### What to produce
Print nothing but the lines below starting at the line that holds "Part Diagram for Land Rover LR016308" and ending at the line that holds "Design Pullover Knitted", including both, each exactly as written.

### Data in this exercise
- - - - - - -

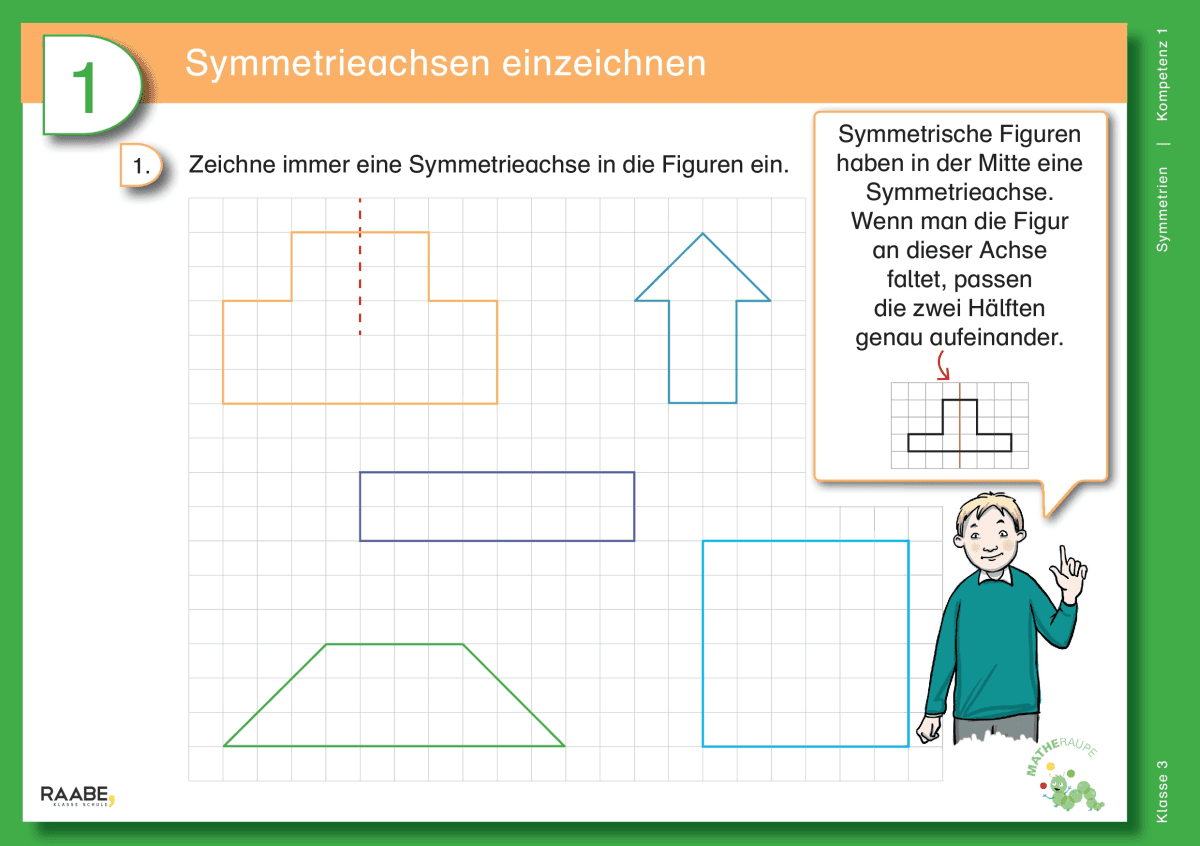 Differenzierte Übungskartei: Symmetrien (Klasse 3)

- - - - - - -

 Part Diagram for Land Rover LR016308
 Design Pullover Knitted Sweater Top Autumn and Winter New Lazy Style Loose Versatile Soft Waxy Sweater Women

- - - - - - -

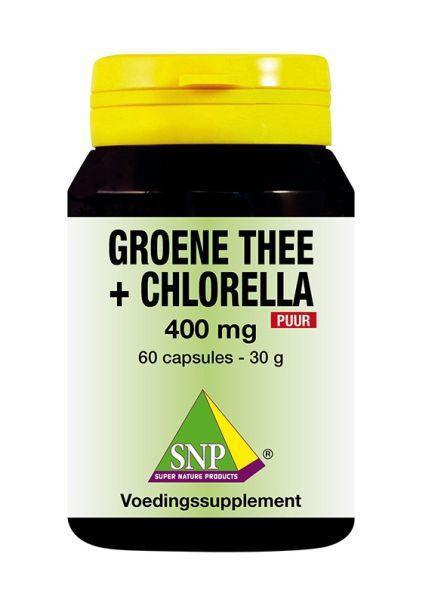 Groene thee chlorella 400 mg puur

- - - - - - -

### Written solution
 Part Diagram for Land Rover LR016308
 Design Pullover Knitted Sweater Top Autumn and Winter New Lazy Style Loose Versatile Soft Waxy Sweater Women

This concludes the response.